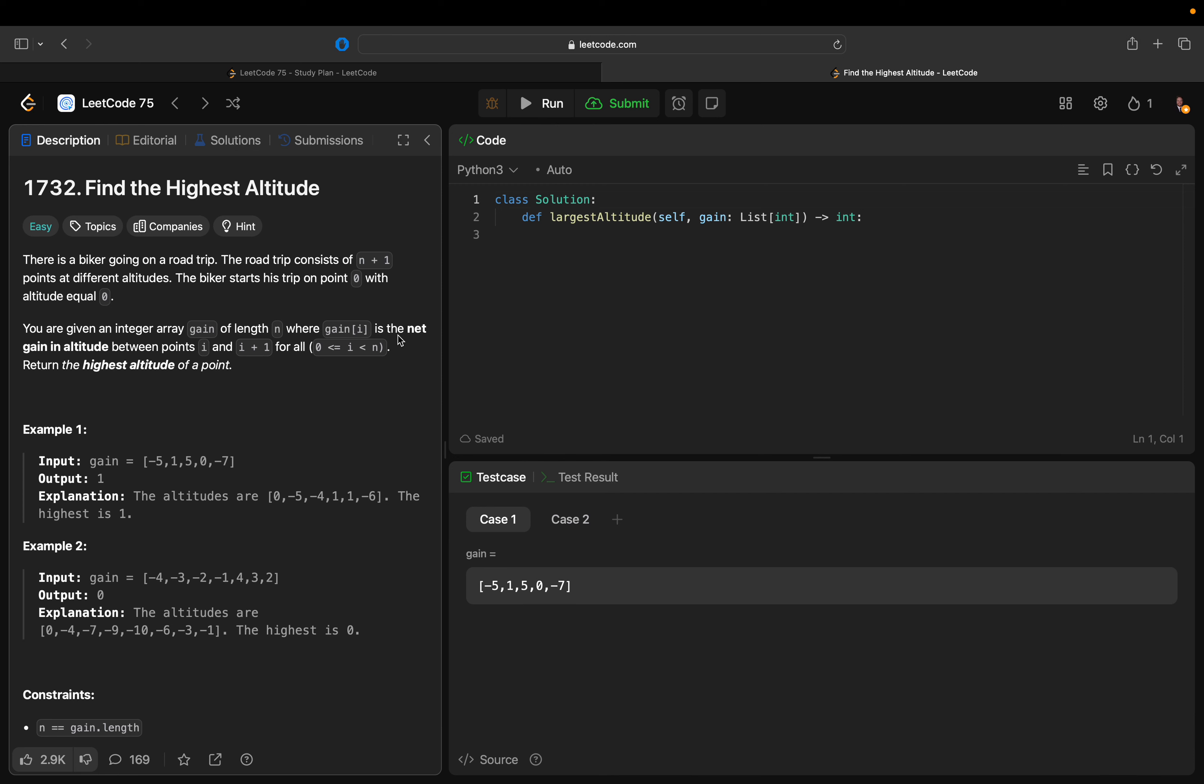A biker going on a road trip. The road trip consists of n plus 1 points at different altitudes. The biker starts his trip at point 0 with altitude equals 0.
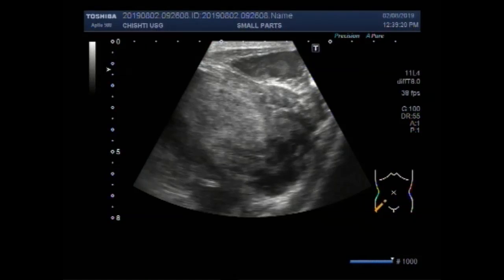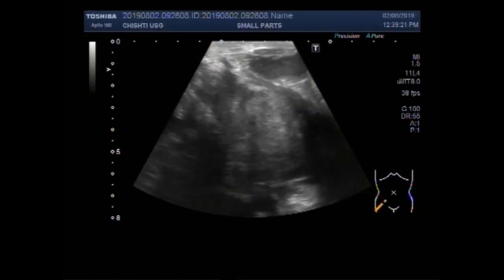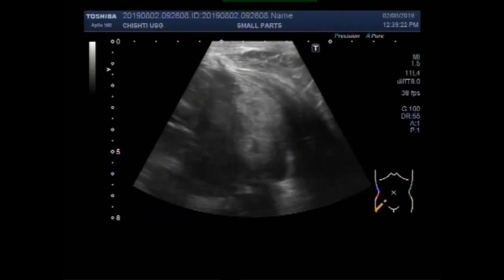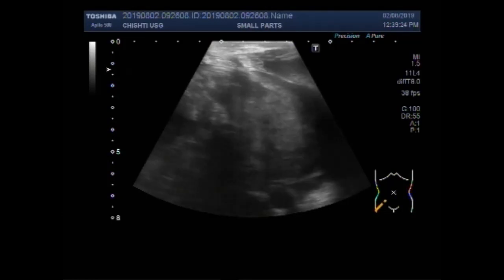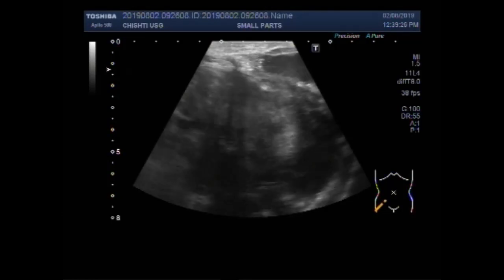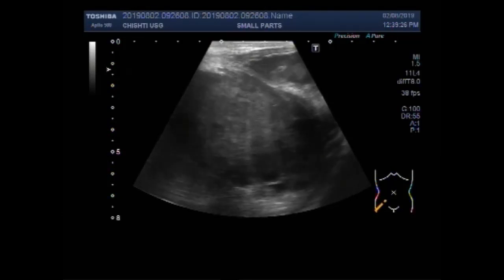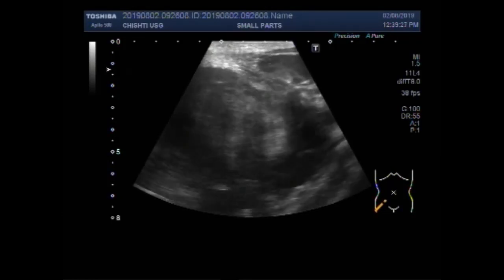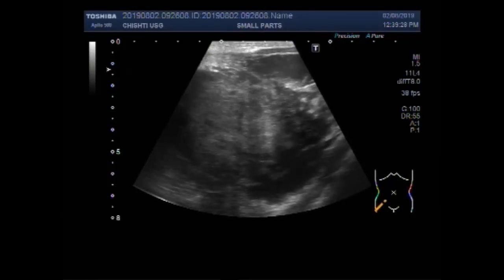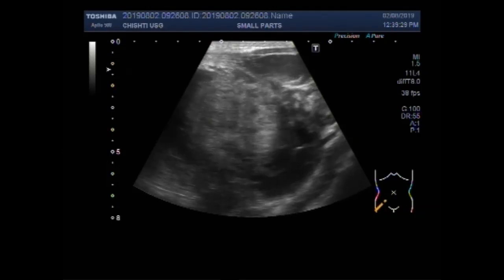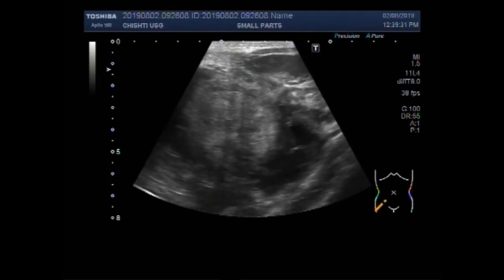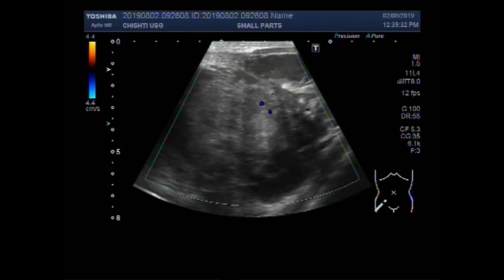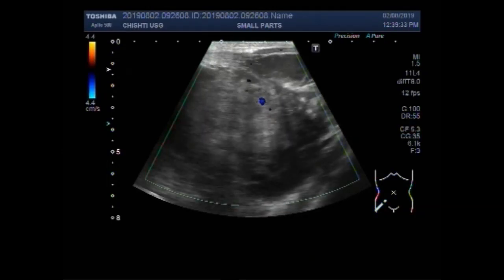Dear viewers, I hope you are all fine. This ultrasound video shows a large mass in the right iliac region — a gut-related mass.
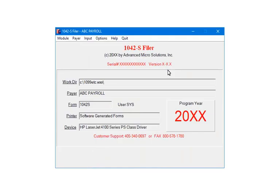From the 1042-S filer menu, the payer information can be edited, access the insured information, print reports, print or e-file forms, and perform a variety of options which includes importing data. To get started, click Payer.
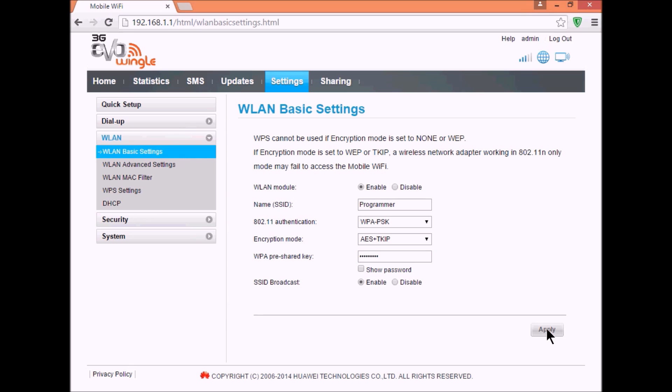reconnect to your EvoWingle and your password will be changed. So guys, thank you for watching.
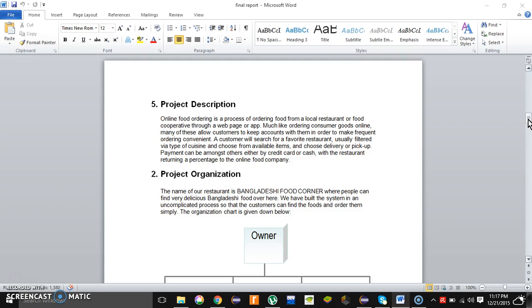A customer will search for a favorite restaurant, usually filtered by type and cuisine, and choose from available items. They choose delivery or pickup. Payment can be made by credit card or cash, with the restaurant returning a percentage to the online food company.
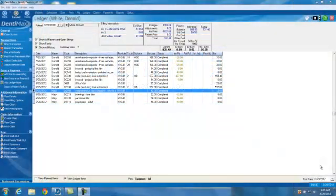Welcome to the Dentimax tip of the week. Today we're going to talk about the various methods for applying patient payments.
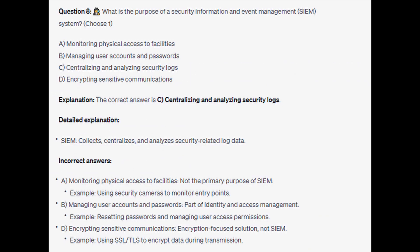The correct answer is C: Centralizing and analyzing security logs. SIEM collects, centralizes, and analyzes security-related log data.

▸ **Your instructions**:
Both ends included, copy word for word the lines from the top of the entries above through the line with "Welcome to the". No pictures.

▸ **Final answer**:
A biker going on a road trip. The road trip consists of n plus 1 points at different altitudes. The biker starts his trip at point 0 with altitude equals 0.
Dear viewers, I hope you are all fine. This ultrasound video shows a large mass in the right iliac region — a gut-related mass.
From the 1042-S filer menu, the payer information can be edited, access the insured information, print reports, print or e-file forms, and perform a variety of options which includes importing data. To get started, click Payer.
reconnect to your EvoWingle and your password will be changed. So guys, thank you for watching.
A customer will search for a favorite restaurant, usually filtered by type and cuisine, and choose from available items. They choose delivery or pickup. Payment can be made by credit card or cash, with the restaurant returning a percentage to the online food company.
Welcome to the Dentimax tip of the week. Today we're going to talk about the various methods for applying patient payments.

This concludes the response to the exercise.